Numa plataforma só, reúnem-se o que podemos assumir como dança, novo circo, acrobacia e teatro físico, que atraem à sala de espetáculos um público igualmente eclético. Do escuro começamos a vislumbrar seis corpos deitados numa plataforma, apenas deixando que a força da gravidade atue sobre eles. Numa abordagem romântica, os seis performers saltam sobre os obstáculos de uma viagem que desafia as leis da gravidade.

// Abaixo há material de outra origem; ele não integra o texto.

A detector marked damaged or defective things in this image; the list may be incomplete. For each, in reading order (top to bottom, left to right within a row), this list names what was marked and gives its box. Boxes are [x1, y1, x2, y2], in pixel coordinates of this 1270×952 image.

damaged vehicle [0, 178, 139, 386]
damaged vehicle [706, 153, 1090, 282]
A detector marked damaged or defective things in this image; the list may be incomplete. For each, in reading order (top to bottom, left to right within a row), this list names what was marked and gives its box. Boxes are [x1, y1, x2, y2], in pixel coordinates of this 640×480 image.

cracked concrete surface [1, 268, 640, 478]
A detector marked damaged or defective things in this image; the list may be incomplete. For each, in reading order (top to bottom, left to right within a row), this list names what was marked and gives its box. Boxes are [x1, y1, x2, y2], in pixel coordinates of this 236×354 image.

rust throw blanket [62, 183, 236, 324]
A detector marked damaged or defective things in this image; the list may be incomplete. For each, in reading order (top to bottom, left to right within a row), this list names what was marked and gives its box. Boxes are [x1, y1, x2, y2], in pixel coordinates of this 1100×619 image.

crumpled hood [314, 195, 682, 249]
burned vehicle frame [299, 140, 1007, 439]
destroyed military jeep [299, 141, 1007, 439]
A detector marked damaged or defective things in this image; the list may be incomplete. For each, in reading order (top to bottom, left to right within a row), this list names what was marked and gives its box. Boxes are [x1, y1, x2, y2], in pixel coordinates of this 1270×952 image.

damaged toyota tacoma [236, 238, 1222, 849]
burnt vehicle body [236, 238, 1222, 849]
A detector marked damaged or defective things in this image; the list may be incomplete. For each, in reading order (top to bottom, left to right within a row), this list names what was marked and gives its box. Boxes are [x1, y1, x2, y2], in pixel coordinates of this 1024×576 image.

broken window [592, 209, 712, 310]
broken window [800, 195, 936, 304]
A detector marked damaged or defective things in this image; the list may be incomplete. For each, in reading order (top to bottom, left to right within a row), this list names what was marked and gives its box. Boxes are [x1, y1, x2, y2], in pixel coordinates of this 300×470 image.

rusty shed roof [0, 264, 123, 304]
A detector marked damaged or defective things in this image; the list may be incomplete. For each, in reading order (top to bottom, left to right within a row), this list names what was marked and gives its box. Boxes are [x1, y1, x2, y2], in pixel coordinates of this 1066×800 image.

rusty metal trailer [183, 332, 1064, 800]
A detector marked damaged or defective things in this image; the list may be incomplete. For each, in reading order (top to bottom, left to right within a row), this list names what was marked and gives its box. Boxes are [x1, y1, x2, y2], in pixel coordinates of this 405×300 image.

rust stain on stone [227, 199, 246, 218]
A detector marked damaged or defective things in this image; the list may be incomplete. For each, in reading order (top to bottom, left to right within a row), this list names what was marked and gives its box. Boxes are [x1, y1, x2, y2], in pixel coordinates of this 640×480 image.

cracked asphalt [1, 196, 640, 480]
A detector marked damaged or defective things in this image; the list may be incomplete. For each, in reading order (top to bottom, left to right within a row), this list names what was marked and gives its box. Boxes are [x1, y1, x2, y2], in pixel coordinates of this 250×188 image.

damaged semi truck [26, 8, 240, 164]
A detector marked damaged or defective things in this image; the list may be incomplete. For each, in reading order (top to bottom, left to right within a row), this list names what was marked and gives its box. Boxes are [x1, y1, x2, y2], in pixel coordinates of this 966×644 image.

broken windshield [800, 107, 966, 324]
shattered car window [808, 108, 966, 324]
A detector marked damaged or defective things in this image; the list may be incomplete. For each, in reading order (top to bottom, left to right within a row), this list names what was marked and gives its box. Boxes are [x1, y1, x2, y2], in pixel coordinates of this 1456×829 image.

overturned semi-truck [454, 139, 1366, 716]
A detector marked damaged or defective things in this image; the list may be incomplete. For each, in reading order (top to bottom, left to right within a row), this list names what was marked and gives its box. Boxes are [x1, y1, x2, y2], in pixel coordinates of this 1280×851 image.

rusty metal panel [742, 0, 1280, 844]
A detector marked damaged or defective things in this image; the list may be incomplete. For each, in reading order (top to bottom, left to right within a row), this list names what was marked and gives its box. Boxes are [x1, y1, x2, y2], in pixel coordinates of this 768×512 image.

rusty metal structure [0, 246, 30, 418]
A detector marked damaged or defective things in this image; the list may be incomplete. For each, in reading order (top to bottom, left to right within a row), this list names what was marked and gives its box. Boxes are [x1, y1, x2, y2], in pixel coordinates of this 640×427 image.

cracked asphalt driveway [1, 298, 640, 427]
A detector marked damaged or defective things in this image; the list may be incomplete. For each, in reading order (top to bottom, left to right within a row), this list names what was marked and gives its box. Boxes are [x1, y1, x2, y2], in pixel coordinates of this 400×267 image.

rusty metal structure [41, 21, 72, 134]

Três homens e três mulheres acordam num não lugar que se precipita vertiginosamente para o vazio. Um despertar de corpos que se elevam e param constantemente para tentar assimilar onde estão e o que se passa em seu redor. Que limbo é este onde nos encontramos aprisionados, sem referenciais aparentes de tempo e de espaço? De repente, a instabilidade instaura-se e temos de correr para sobreviver. Não controlamos o meio que nos envolve e parece que patinamos em gelo fino. Movo-me e apercebo-me que não corro sozinho, que corro com outros que não dominam as circunstâncias melhor do que eu. E de um momento para o outro, respiramos de novo e é-nos concedido um momento de pausa, um momento de pausa que usamos para nos questionarmos: Que máquina é esta que joga pelas suas próprias regras? Não há tempo para pensar, não há tempo para refletir e o mundo gira tão rápido que não nos dá espaço para saborear o momento, porque esse momento é já passado e parece-nos que já conseguimos vislumbrar o futuro lá ao fundo. De súbito, tropeço e caio, mas nem há tempo para chorar uma queda que já está cristalizada num passado inacessível. Corro e penso em desistir: ficar simplesmente parado no mesmo lugar e deixar o mundo correr perante os meus olhos. E se eu cair… melhor, se eu abandonar o meu corpo a essa força bruta que é a gravidade? Girar e girar, eu numa simbiose completa com o universo. E quando me levanto, estou agarrado a alguém ou esse alguém está agarrado a mim, e assim por diante vou estabelecendo uma relação com uma diversidade de corpos, umas mais prolongadas, outras mais fugazes, mais superficiais.


Num instante os pés tocam o solo, no outro o chão desaparece debaixo dos nossos pés e o mundo vira-se por completo de pernas para o ar. Dá-se um misto entre conflito e enamoramento do Homem com a máquina. Estamos pendurados por um fio, olhamos para baixo, incorporamos a vertigem, esse dissabor que nos repele por tanto nos atrair, e sentimo-nos um pouco mais vivos, um pouco mais em controlo, talvez.